Ничего тайного 35

Роман «Дубровский» в моей интерпретации получает не просто новый импульс, но обретает другой масштаб. Так же, как, и, якобы, политическая сатира - «Собачье сердце». И оба произведения превращаются в духовные притчи, причём – естественным образом, без всяких натяжек и фантазий.

Многие очень любят цитировать высказывание Альберта Эйнштейна: «Нельзя решить проблему на том же уровне, на котором она возникла». Но даже при отклонении от общепринятого восприятия – причём, не настоящей проблемы, а литературной константы, возникает неконтролируемое, автоматическое отторжение.

Стихотворение Фёдора Тютчева «Наш век» считается чуть ли не образцом «духовного озарения». Хотя, на самом деле, это образец того, как можно, являясь полным профаном в определённой области, выдать себя за настоящего знатока, при помощи своего таланта и умелой компиляции.

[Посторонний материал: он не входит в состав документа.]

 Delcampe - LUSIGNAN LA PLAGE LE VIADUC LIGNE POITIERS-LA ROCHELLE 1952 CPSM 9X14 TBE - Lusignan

Дух, который «растлился в наши дни», и демон, который входит к Тамаре «с душой, открытой для добра» - это ягоды из одной оранжереи. Вместилище зла не может быть складом доброты, а дух не может ни растлится, ни повредится, ни вообще подвергнутся какому-либо разрушению.

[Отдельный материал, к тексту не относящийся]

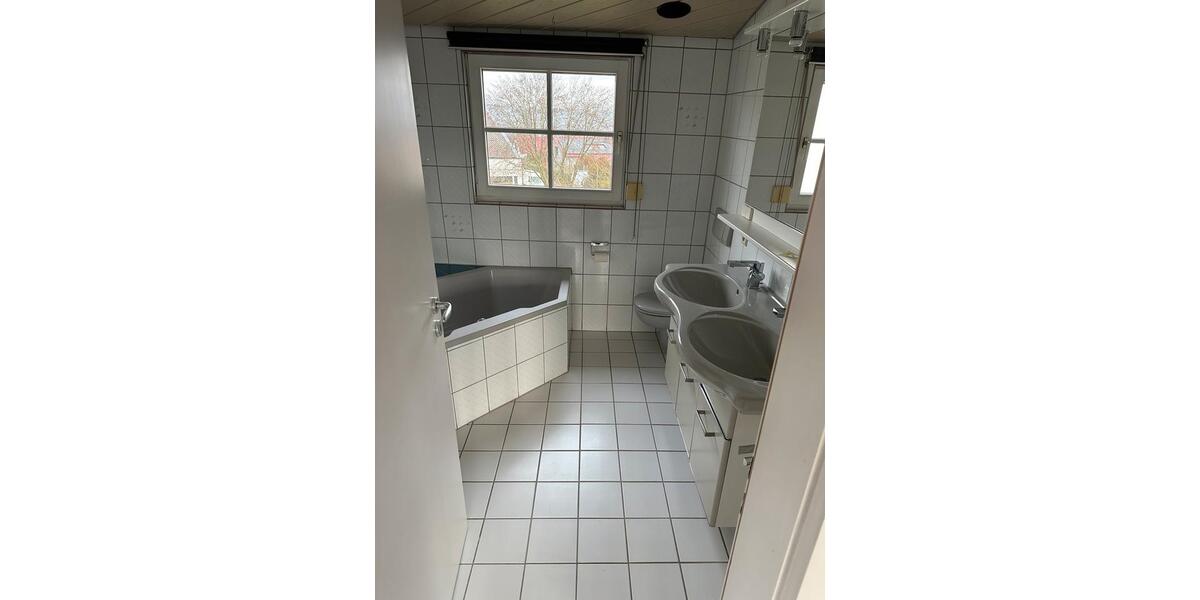 Maisonettenwohnung Giengen an der Brenz - 6 Zimmer, 155 m&sup2;, 1.750&euro; | Angebot:25980612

И это - не аллегория, а неточность человека, далёкого от понимания, что есть – дух, и каким образом он взамодействует с плотью. И всё произведение проистекает из этого непонимания, включая финальные строчки, которые взяты из Евангелия от Марка.

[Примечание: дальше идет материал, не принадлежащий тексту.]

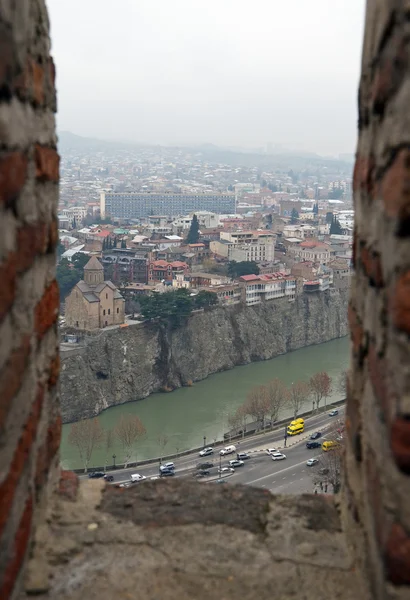 Pohled shora Metekhi okresu od Narikala pevnost v zamračený den. Tbilisi — Stock fotografie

Но в Новом Завете эти слова звучат органично, потому, что полностью соответсвуют всему происходящему в данной ситуации. А Тютчев делает из них эффектную заплатку, просто потому, что не знает, как закончить то, что он нагромоздил перед этим.

А если совсем сойти с инерционной колеи – то «Наш век» предстанет не образцом «духовного озарения», но окажется набором хорошо сконструированных и окутанных полным духовным затемнением рифмованных строк, рассчитанных исключительно на поверхностное – эмоциональное восприятие.

Русская классика, прежде всего, нуждается в лишении её сакрального статуса, снятии с неё ореола «носителя духовности» и кладезя неиссякаемой мудрости. А настоящую пользу она может принести, только если убрать её из пространства инерционного сознания, в котором она пребывает по милости махровых ветхозаветников.

Но этого не происходит, и не только потому, что признать очевидное – гораздо сложнее, чем познать неведомое. Такая подача, где «человек отчаянно тоскует», но всё равно - «рвётся к свету из ночной тени», при этом – «безверием палим и иссушён» - она не только приятнее, но биологически ближе и удобнее - снятием с себя всякой ответственности, как за текущие, так и за дальнейшие действия и поступки.